1. Johannes 1,1-4 | 2. Sonntag nach dem Christfest | Pfr. Dr. Martens
In diesem vergangenen Jahr 2021 gab es hier in Berlin eine große Aufregung um das Berliner Stadtschloss. Da hatte man sich doch dafür entschieden, das Schloss zumindest nach außen hin wieder einigermaßen originalgetreu aufzubauen – und dann hatte man in diesem Zusammenhang auch die Kuppel des Schlosses wieder so gestaltet, wie sie einmal ursprünglich bis zur von Walter Ulbricht befohlenen Sprengung des Schlosses nach dem Zweiten Weltkrieg ausgesehen hatte. Doch, o Schreck! Da hatte der fromme König Friedrich Wilhelm IV. doch damals oben an der Kuppel ein Spruchband anbringen lassen mit den Bibelworten:
„Es ist in keinem andern Heil, ist auch kein anderer Name den Menschen gegeben, denn in dem Namen Jesu, zur Ehre Gottes des Vaters. Dass in dem Namen Jesu sich beugen sollen aller derer Knie, die im Himmel und auf Erden und unter der Erde sind.“
Als dieses Spruchband nun zu sehen war, war die Aufregung groß – wie kann man denn solche Worte heute noch der Öffentlichkeit zumuten! Der Bischof der Evangelischen Kirche Berlin-Brandenburg-schlesische Oberlausitz, Christian Stäblein, brachte die Kritik an diesem Spruchband auf den Punkt: „Intolerante Exklusivitätsansprüche sind – auch als historische Zitate – gefährlich und brauchen Gegenbilder.“ Bibelzitate sind gefährlich und brauchen Gegenbilder – Der Bischof bringt es auf den Punkt, was heutzutage wohl die breite Mehrheit der Bevölkerung denkt. Und so sollen nun Tafeln am Humboldt Forum aufgestellt werden, auf denen es heißt: „Alle Institutionen im Humboldt Forum distanzieren sich ausdrücklich von dem Alleingültigkeits- und Herrschaftsanspruch des Christentums, den die Inschrift zum Ausdruck bringt.“
Nun mögen wir als Lutheraner König Friedrich Wilhelm IV. eigentlich ganz gerne, war er doch der König, der die Verfolgungsmaßnahmen seines Vorgängers gegen die Lutheraner in Preußen beendete. Doch es hat andere Gründe, warum wir als lutherische Christen uns nicht von diesen Bibelworten aus der Apostelgeschichte und aus dem Philipperbrief distanzieren oder sie gar für gefährlich halten. Die heutige Predigtlesung aus dem 1. Johannesbrief liefert uns dazu auch gleich die nötigen Argumente.
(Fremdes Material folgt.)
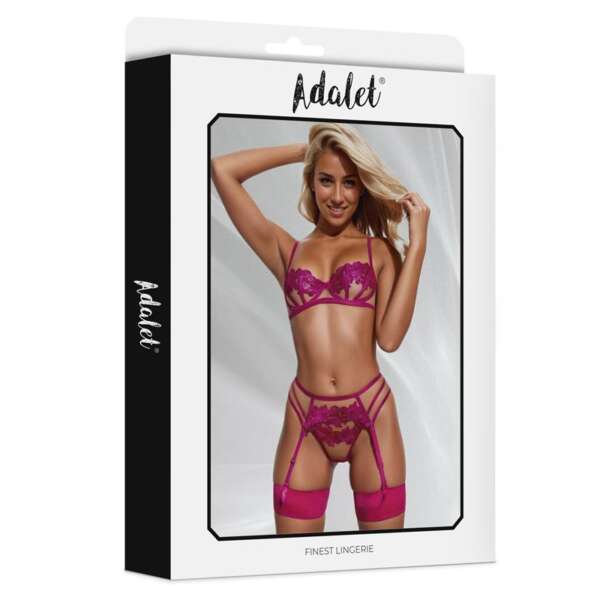 Nora bra, thong, and garter belt Set with Flowers Fuchsia – Image 3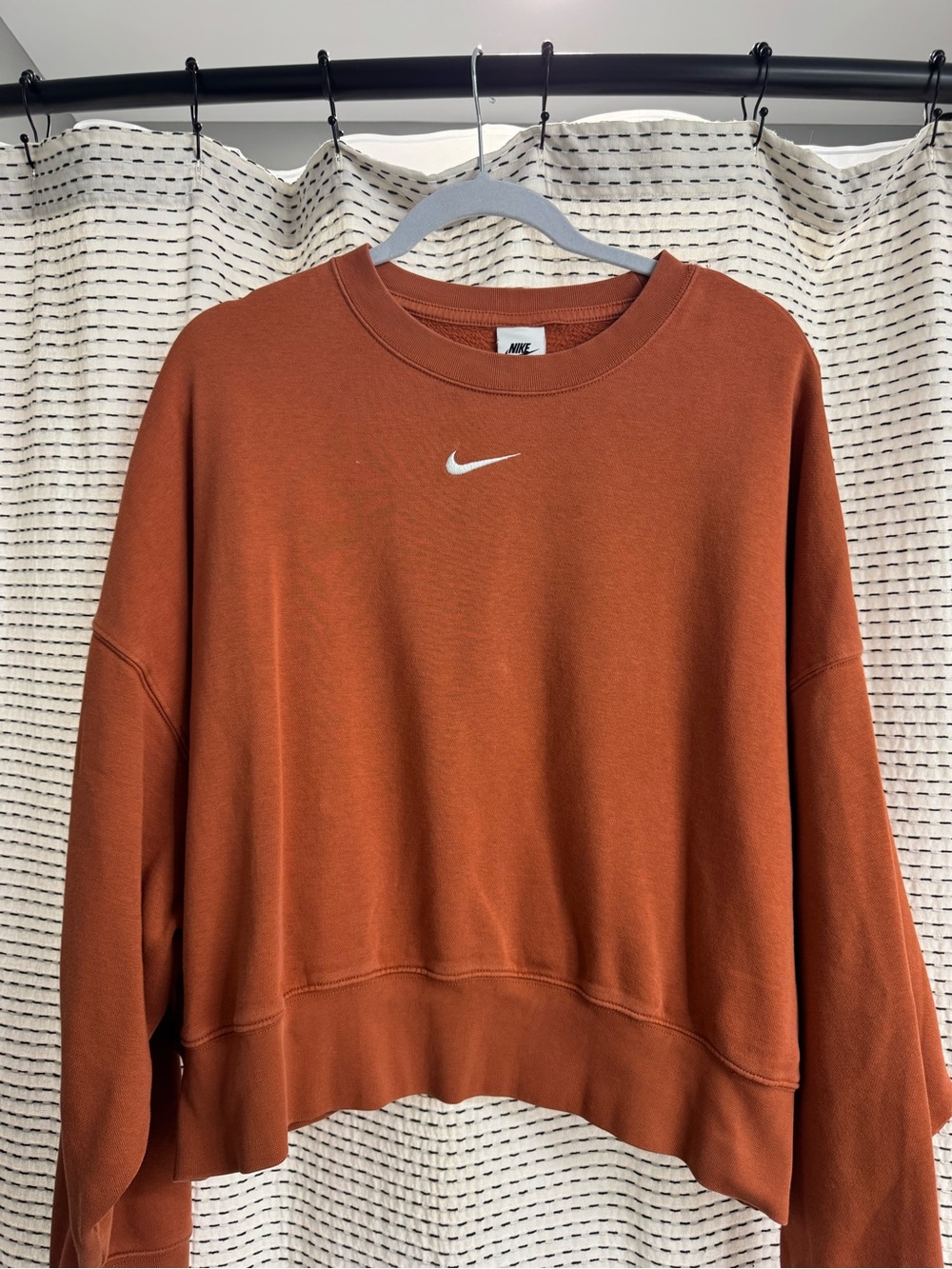 Nike Women's Burnt Orange Cropped Crewneck Sweatshirt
Ist es nicht in der Tat völlig intolerant und altmodisch, wenn eine Religion behauptet, sie sei die einzig wahre Religion? Leben wir nicht in einem Zeitalter, in dem wir längst erkannt haben, dass jeder Mensch seine eigene Wahrheit in sich trägt und keiner dem anderen vorschreiben kann, was für ihn denn wahr zu sein hat? Ja, ist der Schritt zu Religionskriegen nicht sehr klein, wenn eine Religion von sich behauptet, sie würde eine Wahrheit vertreten, die auch für andere Menschen gelte?
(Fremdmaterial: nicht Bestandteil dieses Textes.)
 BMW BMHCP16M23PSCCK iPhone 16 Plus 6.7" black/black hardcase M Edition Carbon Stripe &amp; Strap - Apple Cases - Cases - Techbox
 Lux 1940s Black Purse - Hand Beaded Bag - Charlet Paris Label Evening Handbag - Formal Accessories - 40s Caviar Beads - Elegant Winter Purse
Doch wer so argumentiert, hat von vornherein einen grundlegenden Fehler gemacht: Er geht nämlich davon aus, dass es im christlichen Glauben um „das Christentum“ oder gar, noch schlimmer, um die „christliche Religion“ gehe, die ihren Gedanken in der Bibel Ausdruck verleihe. Sobald wir uns mit unserer Argumentation auf dieser Ebene bewegen, ist alles verloren, können wir am Ende nur noch mehr oder weniger peinliche Rückzugsgefechte führen.
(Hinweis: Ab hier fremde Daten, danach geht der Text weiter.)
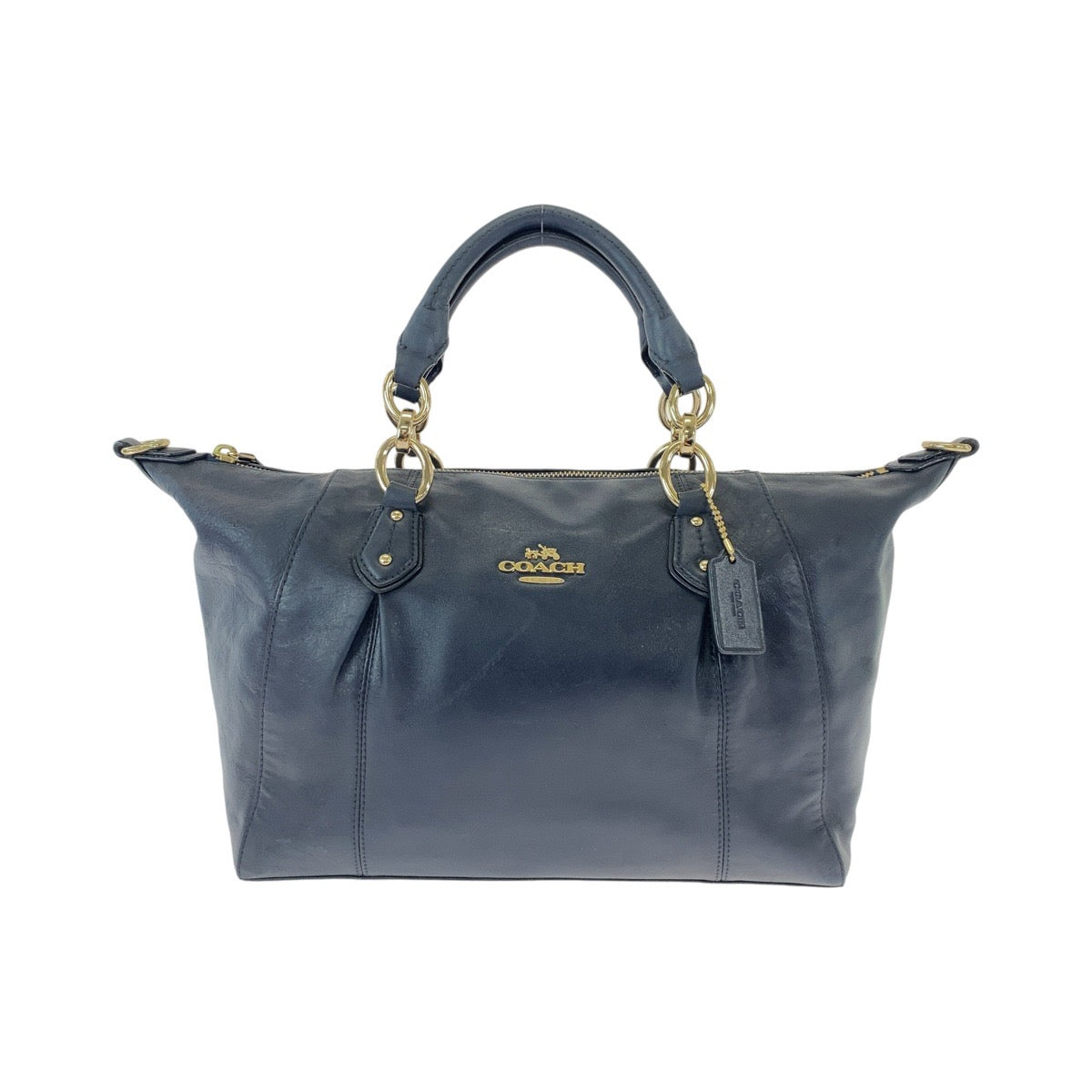 Coach Leather Tote Bag Navy Gold Hardware in Very Good Condition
Doch St. Johannes macht uns in der Predigtlesung des heutigen Tages deutlich, dass es im christlichen Glauben um etwas ganz anderes geht: Nicht um „das Christentum“, sondern um das, „was von Anfang an war, was wir gehört haben, was wir gesehen haben mit unsern Augen, was wir betrachtet haben und unsre Hände betastet haben“. Warum betont St. Johannes dies hier so nachdrücklich? Als er seine Briefe schrieb, da war eine Bewegung auf dem Vormarsch, die immer weiter auch in die christlichen Gemeinden eindrang, auch in die Gemeinden des Johannes, eine Bewegung, die behauptete, jeder Mensch könne den Funken der göttlichen Wahrheit in sich selber, in seinem Inneren entdecken, und Jesus sei als Lehrer in diese Welt gekommen, um die Menschen dazu anzuleiten, diesen Funken der göttlichen Wahrheit in sich zu finden. Das klang alles sehr fromm – und doch war das eine Botschaft, die der Botschaft der Apostel diametral entgegenstand: In dieser Botschaft dieser neuen Bewegung, die man „Gnosis“ nannte, spielten geschichtliche Ereignisse überhaupt keine Rolle, musste sich der Mensch am Ende selber erlösen, indem er diesen göttlichen Seelenfunken in sich erkannte und sich darum bemühte, sich aus den Bindungen dieser Welt, also von allem Leiblichen zu befreien.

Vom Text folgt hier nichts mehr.